Data extracted from a collection
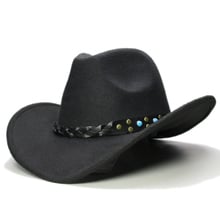 Vintage Parent-child Women Men /Kid Wool Wide Brim Cowboy Western Hat Cowgirl Cap Turquoise Bead Leather Band (61cm/57cm/54cm 2024 - buy cheap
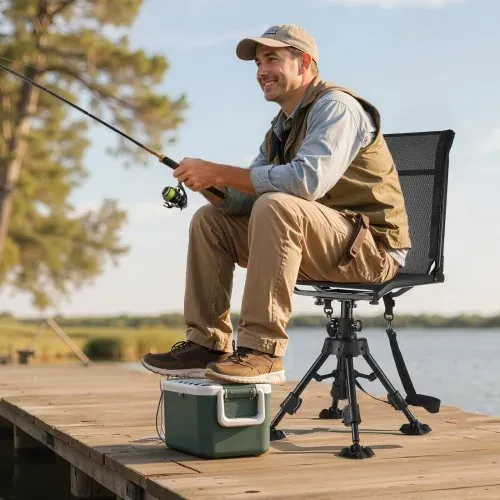 VEVOR Faltstuhl Campingstuhl Anglerstuhl mit Stahlrahmen, höhenverstellbarer Klappstuhl Gartenstuhl (158 kg belastbar) 360° geräuschlos drehbar, 420-625 mm (Sitzhöhe) für Picknick Garten Outdoor – Bild 7
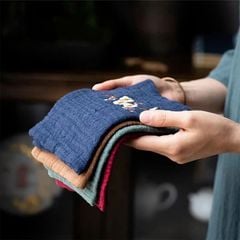 BỘ 4 KHĂN LAU THÊU HOA MAI TRẮNG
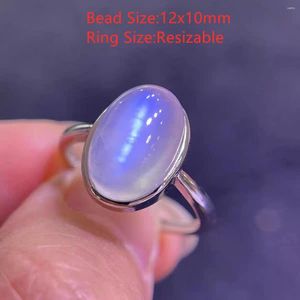 Bagues de cluster Naturel Blue Light Moonstone Bague réglable Cristal 12x10mm Ovale 925 Sterling Silver Femme Pierre ronde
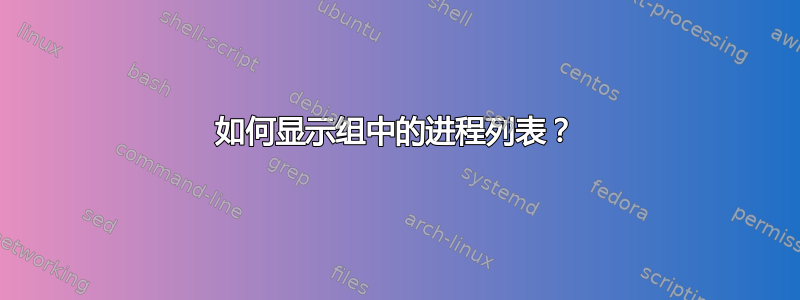 如何显示组中的进程列表？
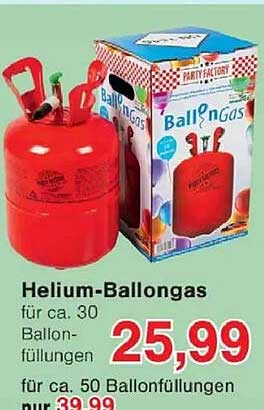 Helium-Ballongas für ca. 30 Ballonfüllungen
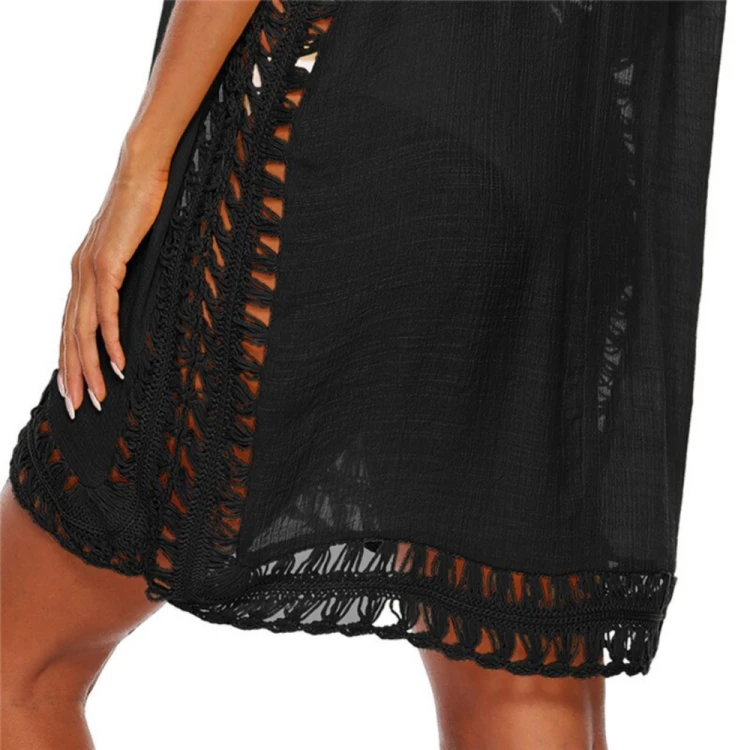 Letnia Tunika Plażowa Pareo Sukienka Boho Czarna.png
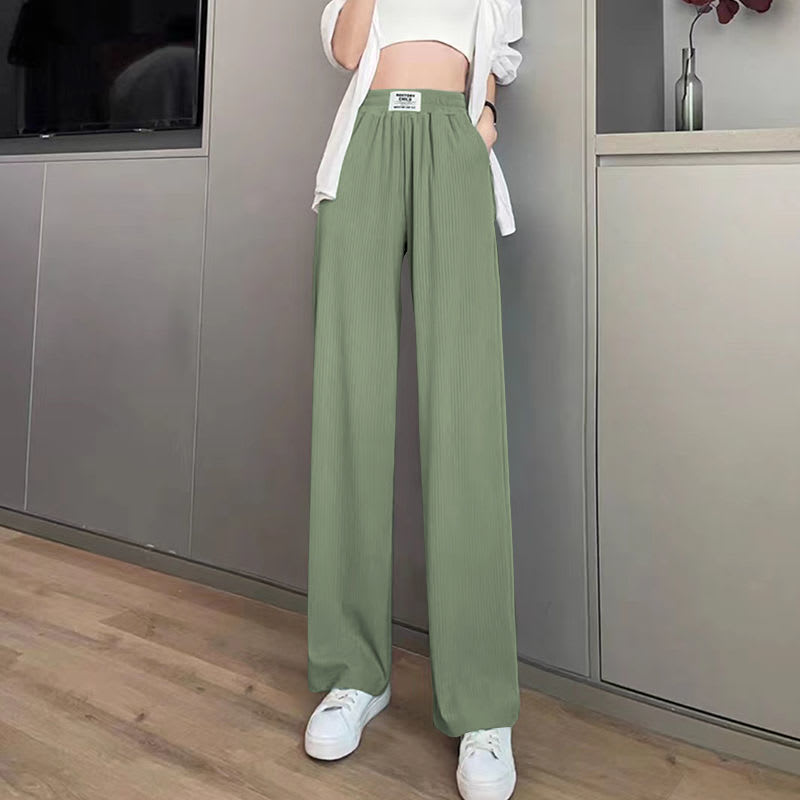 Women's SpringSummer High Waist Drooping Ice Silk Thin Pants view 4
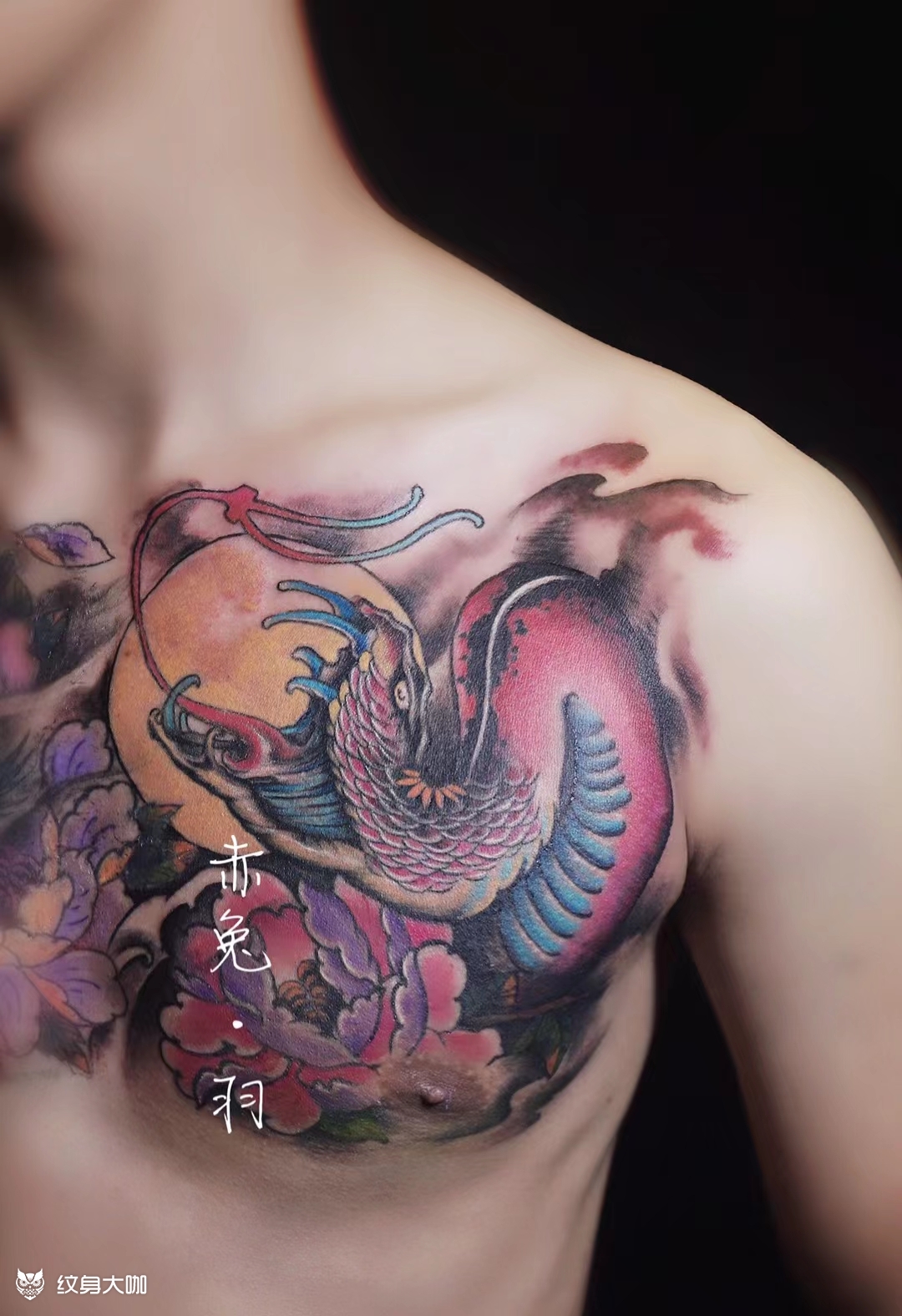 花胸_纹身图案手稿图片_陈龙莉的纹身作品集
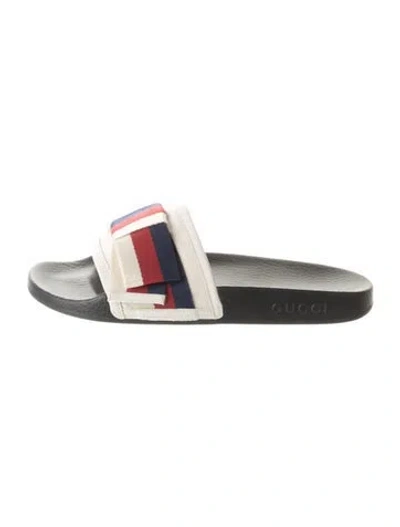 Pre-owned Gucci Leather Colorblock Pattern Slides In Neutral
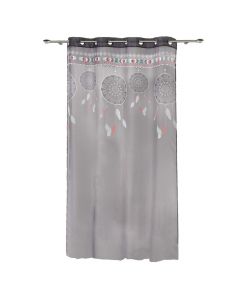 INDILA curtains, polyester, gray / mint, 140 x 260 cm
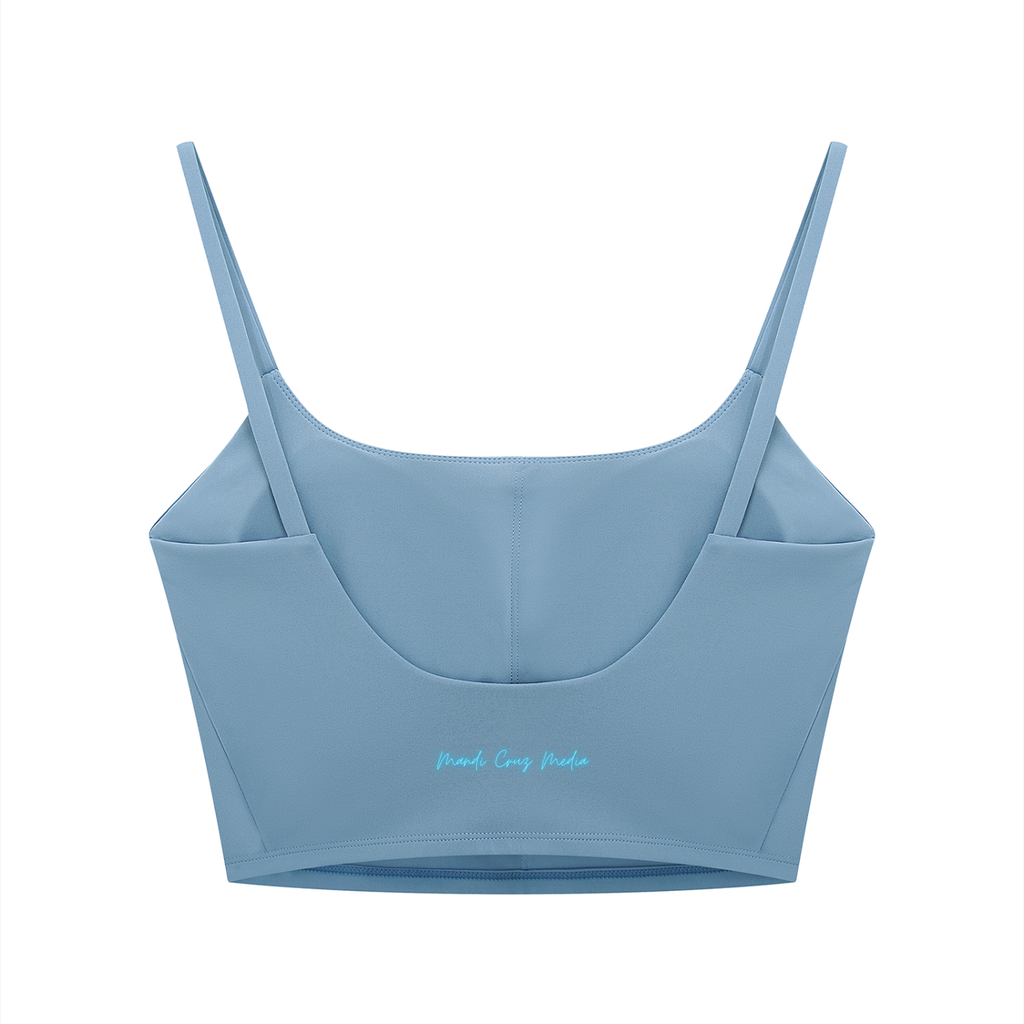 Back view of the Gray Blue Neon THC Molecule Crop Tank featuring signature Mandi Cruz Media branding.
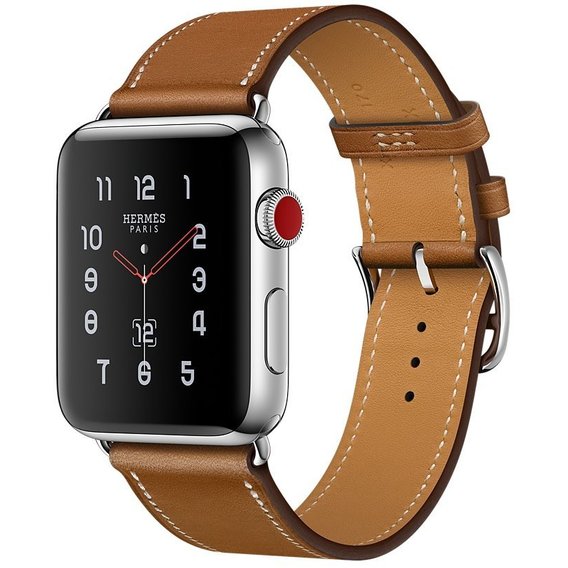 Apple Watch Series 3 Hermes 42mm GPS+LTE Stainless Steel Case with Fauve Barenia Leather Single Tour (MQLP2)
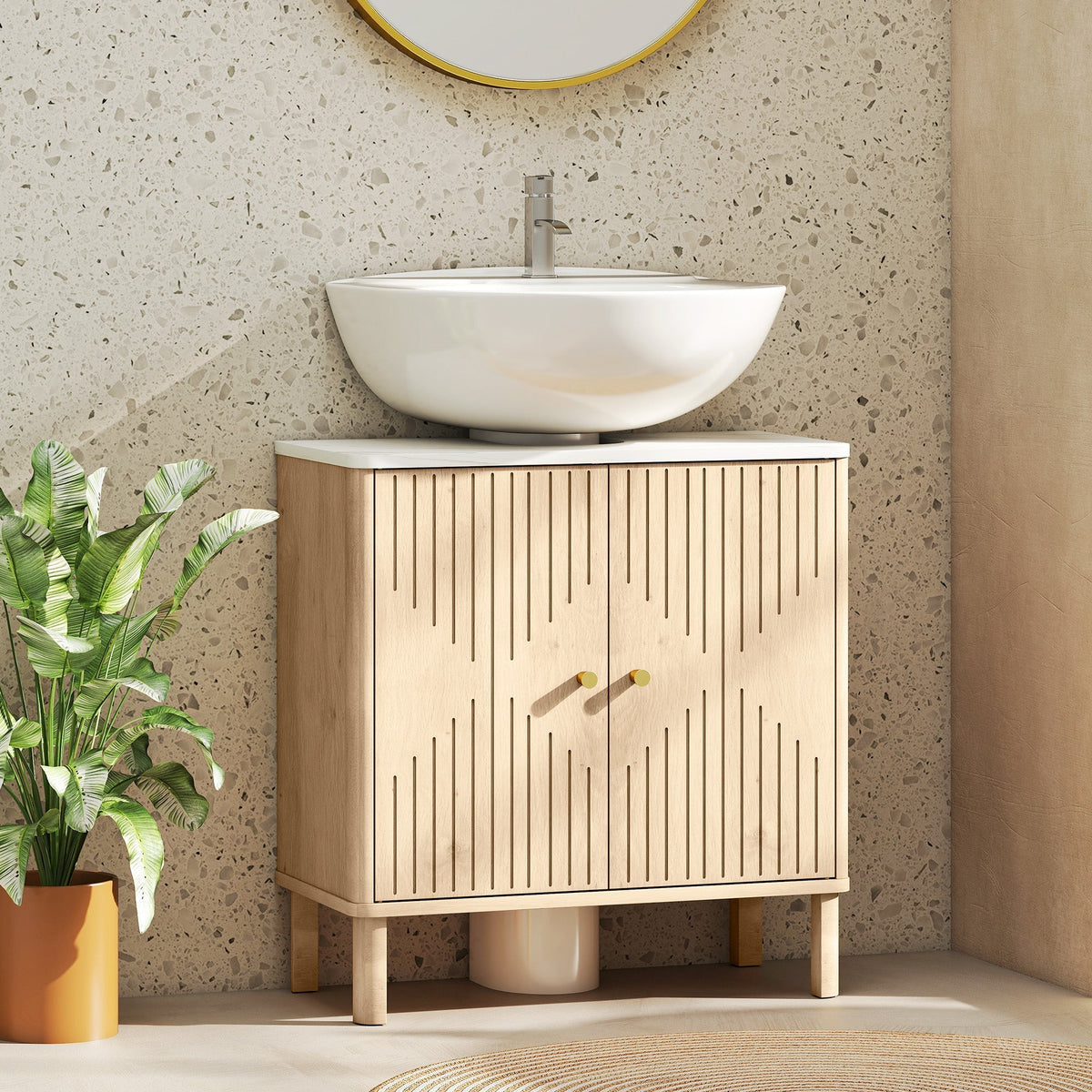 HOMCOM Under Sink Bathroom Cabinet for Basin without or with Pedestal - Oak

Problem to work on:
Once you find the line containing "INDILA curtains, polyester, gray", retype it and every line after it through the last line of the records above, exactly. Add nothing else, and leave out the pictures.

Exercise answer:
 INDILA curtains, polyester, gray / mint, 140 x 260 cm
 Back view of the Gray Blue Neon THC Molecule Crop Tank featuring signature Mandi Cruz Media branding.
 Apple Watch Series 3 Hermes 42mm GPS+LTE Stainless Steel Case with Fauve Barenia Leather Single Tour (MQLP2)
 HOMCOM Under Sink Bathroom Cabinet for Basin without or with Pedestal - Oak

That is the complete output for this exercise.